Glad you're okay, buddy.


----------



## lklawson (Feb 28, 2012)

Sukerkin said:


> :chuckles: $20!  :faints:


That's why I even bothered taking the risk.  If it were a $1,000 risk I would have never gambled.

Peace favor your sword,
Kirk


----------



## Bob Hubbard (Feb 28, 2012)

Bill, Don't know if the ones I got come in prescription. I'll try and remember to ask Tim when I talk to him later.


Regarding Zenni, I used them once. Price was right, had to get my prescription from my eye doctor and do some measurements on my own.  Glasses are cheap, seem decent for light duty, little fragile for heavy wear, but that's more the frames I picked (I went real cheap to test them out).  Comparable glasses from my eye doc run $400.


----------



## Bill Mattocks (Feb 28, 2012)

Bob Hubbard said:


> Bill, Don't know if the ones I got come in prescription. I'll try and remember to ask Tim when I talk to him later.



Don't worry too much about it, I was simply curious.  The ones I had (and will order again) cost very little - I did have to pay a bit more because my prescription is so extreme.  I was just wondering is all.  Thanks!


----------



## elder999 (Feb 28, 2012)

Glad you're okay, Bill.


----------



## Bill Mattocks (Apr 5, 2012)

Got the new goggles!  Even better, they fit under my Pirhana Gear head protection, which I like better than the foam-dipped stuff (the old goggles just didn't fit under it).

View attachment 16263

These came from Zenni Optical; very inexpensive, even with my strong prescription.


----------



## Sukerkin (Apr 5, 2012)

:grins:  Looking ready to rock there my friend .


----------



## Buka (Apr 5, 2012)

I'm glad you're okay, bud. And I hope you ordered some more of those glasses.

It must have been quite a point of view from your perspective.


----------



## Bill Mattocks (Apr 5, 2012)

Buka said:


> I'm glad you're okay, bud. And I hope you ordered some more of those glasses.
> 
> It must have been quite a point of view from your perspective.
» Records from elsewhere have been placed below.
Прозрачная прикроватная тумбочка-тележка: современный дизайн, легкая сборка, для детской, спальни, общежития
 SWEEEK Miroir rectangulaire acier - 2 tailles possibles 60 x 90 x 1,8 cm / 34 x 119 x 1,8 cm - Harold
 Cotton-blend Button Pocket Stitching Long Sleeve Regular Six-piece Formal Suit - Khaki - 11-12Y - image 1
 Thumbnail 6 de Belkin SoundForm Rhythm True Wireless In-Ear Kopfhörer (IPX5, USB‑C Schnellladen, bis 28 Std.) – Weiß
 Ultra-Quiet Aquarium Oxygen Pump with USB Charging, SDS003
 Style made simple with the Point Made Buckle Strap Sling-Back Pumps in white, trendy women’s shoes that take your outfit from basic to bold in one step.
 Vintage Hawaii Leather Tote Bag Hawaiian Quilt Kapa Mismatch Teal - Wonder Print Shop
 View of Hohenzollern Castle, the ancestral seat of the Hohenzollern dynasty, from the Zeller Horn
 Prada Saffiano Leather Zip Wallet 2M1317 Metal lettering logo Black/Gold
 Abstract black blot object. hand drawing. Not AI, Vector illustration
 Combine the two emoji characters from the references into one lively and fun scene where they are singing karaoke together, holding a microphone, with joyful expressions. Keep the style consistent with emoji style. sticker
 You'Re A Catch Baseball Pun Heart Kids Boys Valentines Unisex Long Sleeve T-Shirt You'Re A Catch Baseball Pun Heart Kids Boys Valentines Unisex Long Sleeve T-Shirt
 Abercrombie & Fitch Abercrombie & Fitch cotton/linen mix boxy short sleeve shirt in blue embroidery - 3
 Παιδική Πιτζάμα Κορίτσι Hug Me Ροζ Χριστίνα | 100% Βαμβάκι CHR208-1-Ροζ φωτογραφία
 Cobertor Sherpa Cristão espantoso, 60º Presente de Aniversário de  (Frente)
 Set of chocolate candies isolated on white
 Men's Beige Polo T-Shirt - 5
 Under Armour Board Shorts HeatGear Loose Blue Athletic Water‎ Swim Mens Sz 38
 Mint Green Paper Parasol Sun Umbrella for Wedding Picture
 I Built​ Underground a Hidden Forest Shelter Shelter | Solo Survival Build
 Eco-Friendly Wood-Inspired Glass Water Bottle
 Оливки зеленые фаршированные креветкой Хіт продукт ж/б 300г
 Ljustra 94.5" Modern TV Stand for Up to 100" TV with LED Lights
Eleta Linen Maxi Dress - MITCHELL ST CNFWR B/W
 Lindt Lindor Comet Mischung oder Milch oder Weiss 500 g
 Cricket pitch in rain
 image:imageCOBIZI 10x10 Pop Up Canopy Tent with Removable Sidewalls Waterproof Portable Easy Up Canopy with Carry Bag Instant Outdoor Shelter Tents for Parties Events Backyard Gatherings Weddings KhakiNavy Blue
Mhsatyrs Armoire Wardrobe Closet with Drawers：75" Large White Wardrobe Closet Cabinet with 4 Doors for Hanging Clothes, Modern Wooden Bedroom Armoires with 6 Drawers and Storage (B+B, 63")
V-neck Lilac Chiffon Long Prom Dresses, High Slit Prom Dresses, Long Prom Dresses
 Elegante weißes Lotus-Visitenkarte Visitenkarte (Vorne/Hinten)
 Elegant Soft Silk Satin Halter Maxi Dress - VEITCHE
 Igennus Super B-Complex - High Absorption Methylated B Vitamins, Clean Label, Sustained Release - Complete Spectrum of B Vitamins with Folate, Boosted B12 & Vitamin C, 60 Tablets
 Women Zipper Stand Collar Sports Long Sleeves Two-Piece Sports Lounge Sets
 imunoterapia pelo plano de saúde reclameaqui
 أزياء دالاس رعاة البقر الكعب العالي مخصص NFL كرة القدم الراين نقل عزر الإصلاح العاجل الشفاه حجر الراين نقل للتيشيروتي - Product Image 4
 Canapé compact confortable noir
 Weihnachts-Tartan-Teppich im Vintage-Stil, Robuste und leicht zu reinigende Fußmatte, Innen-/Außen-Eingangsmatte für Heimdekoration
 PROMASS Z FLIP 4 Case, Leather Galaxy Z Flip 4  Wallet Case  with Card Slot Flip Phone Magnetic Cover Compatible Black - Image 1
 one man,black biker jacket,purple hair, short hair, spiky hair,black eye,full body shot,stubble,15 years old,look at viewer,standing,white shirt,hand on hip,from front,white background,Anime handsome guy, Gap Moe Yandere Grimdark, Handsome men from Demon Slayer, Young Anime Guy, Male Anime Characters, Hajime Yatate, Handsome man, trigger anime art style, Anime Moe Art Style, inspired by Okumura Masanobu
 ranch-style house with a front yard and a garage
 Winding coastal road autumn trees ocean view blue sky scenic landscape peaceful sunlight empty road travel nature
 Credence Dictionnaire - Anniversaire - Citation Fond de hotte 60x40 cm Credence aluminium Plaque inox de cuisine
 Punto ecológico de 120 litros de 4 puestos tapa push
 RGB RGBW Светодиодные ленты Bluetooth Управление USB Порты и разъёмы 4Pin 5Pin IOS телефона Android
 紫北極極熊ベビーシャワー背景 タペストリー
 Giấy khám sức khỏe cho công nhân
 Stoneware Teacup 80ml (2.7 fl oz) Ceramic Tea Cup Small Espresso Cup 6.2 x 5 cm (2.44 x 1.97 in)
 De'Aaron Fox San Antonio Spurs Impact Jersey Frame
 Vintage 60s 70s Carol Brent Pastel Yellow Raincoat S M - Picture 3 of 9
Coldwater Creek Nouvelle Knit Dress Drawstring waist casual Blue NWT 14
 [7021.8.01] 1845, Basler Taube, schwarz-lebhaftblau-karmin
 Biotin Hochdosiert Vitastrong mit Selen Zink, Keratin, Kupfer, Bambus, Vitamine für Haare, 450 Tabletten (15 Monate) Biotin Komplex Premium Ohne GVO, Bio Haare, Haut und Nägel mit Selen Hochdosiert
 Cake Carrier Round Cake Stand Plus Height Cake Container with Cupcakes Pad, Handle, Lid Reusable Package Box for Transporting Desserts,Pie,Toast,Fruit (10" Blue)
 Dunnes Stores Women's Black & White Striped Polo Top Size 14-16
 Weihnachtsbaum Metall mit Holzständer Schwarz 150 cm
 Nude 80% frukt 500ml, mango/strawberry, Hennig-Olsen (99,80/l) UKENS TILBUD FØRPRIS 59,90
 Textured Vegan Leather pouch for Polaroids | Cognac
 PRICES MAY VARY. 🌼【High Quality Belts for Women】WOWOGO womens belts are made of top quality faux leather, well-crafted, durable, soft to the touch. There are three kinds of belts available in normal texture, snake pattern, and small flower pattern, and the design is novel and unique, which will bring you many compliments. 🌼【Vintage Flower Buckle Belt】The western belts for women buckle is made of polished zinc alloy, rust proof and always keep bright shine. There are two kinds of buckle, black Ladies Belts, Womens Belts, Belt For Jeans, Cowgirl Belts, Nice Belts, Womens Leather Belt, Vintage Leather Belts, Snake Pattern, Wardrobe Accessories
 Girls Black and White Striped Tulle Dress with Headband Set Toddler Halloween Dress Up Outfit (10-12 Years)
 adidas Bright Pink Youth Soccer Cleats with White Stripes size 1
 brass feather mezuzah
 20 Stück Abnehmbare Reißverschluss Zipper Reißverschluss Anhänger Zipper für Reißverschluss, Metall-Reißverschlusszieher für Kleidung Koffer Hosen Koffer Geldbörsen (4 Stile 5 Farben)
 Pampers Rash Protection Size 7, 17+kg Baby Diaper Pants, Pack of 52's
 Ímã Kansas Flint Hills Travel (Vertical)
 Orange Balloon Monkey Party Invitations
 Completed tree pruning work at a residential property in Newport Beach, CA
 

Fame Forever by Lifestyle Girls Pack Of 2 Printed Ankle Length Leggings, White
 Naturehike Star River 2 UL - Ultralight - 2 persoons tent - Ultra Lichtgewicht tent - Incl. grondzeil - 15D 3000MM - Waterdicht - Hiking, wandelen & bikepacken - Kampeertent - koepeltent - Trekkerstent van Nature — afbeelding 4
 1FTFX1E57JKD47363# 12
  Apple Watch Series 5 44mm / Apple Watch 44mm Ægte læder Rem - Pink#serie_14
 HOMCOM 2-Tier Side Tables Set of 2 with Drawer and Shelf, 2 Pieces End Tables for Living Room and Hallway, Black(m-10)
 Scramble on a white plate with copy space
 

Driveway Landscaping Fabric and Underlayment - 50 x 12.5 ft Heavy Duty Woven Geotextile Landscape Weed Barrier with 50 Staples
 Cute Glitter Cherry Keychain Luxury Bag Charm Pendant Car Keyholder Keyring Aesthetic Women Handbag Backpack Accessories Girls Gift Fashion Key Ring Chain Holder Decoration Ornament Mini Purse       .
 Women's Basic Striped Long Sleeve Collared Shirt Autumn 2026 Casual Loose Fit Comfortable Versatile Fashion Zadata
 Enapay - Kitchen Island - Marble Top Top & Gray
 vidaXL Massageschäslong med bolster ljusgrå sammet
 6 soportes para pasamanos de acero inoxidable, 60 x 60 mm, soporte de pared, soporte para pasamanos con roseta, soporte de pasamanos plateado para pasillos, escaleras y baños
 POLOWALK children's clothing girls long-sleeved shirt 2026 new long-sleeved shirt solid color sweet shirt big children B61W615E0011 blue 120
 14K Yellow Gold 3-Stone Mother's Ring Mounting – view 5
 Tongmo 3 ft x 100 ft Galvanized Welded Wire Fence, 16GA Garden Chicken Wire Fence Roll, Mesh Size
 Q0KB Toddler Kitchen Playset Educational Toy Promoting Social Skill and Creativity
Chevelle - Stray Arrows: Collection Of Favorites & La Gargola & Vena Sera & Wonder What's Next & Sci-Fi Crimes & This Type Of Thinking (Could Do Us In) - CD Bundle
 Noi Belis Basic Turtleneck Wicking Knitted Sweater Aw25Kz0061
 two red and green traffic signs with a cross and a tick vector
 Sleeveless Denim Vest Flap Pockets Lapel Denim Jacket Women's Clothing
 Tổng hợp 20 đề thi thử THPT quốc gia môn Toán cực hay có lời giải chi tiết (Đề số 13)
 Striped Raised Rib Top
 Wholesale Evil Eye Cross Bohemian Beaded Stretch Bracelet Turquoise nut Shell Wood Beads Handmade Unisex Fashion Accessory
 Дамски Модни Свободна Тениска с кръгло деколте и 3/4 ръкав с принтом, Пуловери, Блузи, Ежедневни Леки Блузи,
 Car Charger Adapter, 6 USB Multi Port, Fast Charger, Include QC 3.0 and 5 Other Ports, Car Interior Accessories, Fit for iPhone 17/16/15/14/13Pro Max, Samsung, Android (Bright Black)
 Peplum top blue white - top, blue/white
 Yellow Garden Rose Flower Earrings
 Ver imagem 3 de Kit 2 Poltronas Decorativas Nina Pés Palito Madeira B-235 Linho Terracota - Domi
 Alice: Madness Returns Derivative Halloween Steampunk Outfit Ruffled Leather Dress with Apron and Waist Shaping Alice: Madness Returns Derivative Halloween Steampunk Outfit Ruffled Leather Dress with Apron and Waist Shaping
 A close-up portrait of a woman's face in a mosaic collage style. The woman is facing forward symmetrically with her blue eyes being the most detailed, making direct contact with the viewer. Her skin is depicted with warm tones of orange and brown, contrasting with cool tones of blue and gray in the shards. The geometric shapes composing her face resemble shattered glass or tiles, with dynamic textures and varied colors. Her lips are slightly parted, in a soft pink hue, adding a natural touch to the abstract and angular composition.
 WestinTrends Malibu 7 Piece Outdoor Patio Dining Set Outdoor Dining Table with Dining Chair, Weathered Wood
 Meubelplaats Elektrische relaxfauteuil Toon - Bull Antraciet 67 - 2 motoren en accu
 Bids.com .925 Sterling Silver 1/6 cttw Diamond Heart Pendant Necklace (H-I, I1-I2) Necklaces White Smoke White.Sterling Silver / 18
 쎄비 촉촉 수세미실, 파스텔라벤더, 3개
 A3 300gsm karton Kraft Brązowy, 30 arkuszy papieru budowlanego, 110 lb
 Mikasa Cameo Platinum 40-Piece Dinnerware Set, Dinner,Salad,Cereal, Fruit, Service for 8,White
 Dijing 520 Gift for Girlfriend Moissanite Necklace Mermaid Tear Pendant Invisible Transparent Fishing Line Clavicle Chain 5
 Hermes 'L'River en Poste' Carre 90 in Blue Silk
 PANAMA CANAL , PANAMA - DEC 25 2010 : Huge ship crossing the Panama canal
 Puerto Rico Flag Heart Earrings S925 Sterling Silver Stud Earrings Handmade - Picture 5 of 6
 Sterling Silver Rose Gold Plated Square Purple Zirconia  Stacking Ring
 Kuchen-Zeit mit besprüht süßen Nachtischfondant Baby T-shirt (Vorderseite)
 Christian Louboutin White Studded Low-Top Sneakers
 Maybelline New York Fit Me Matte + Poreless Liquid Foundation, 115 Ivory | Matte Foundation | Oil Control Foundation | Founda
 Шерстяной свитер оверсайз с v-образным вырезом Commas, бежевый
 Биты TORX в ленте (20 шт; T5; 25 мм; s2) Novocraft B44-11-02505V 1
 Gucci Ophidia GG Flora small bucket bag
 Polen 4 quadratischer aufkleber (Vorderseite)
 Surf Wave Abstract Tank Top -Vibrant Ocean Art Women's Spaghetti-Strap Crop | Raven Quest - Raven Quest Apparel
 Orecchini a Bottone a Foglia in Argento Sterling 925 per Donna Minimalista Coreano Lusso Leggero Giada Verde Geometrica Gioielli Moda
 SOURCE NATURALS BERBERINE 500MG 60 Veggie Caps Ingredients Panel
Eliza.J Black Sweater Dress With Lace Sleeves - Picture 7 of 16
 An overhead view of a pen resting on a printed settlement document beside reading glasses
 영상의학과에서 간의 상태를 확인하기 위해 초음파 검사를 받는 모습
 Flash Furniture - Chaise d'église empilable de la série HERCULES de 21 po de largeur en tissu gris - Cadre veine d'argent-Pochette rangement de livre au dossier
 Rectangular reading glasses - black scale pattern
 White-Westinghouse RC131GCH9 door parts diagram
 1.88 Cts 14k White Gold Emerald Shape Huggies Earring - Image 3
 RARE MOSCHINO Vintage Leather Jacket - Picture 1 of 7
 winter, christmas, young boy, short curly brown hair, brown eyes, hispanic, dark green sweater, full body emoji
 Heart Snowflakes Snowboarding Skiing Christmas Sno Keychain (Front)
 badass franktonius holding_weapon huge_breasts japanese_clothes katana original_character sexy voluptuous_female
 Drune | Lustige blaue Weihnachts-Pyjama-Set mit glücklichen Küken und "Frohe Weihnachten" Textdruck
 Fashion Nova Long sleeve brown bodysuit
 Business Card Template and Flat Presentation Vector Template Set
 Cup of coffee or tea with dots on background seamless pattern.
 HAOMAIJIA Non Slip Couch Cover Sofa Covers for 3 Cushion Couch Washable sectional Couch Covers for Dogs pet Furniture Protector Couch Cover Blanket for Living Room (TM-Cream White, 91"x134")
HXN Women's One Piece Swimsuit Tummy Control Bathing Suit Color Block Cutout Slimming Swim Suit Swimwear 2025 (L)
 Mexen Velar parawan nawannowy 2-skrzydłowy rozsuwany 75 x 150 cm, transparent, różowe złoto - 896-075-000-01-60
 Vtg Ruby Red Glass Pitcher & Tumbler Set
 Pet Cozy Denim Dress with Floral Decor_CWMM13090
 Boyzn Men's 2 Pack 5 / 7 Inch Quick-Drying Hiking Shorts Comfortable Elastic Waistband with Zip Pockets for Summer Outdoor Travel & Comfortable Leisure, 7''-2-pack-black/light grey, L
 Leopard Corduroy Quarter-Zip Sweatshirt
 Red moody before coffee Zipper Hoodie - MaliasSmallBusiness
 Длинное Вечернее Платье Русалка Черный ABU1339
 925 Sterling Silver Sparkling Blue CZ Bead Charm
It was over pretty quickly!  Hard to say what I saw, except stars!


----------



## Cyriacus (Apr 5, 2012)

Bill, I think the problem here is that You made a rookie mistake, and forgot that You need to condition Your eyeball for hard contact before You actually dive right into it.


----------



## Bill Mattocks (Apr 5, 2012)

Cyriacus said:


> Bill, I think the problem here is that You made a rookie mistake, and forgot that You need to condition Your eyeball for hard contact before You actually dive right into it.



I suspect you are absolutely right.  I need an eyeball makiwara.


----------



## Xue Sheng (Apr 6, 2012)

You need....Iron Eyeball Training


----------



## lklawson (Apr 6, 2012)

Xue Sheng said:


> You need....Iron Eyeball Training


Is there a Jow rinse that I can use along with that?  I'm thinking something with lots of alcohol and red pepper...

Peace favor your sword,
Kirk


----------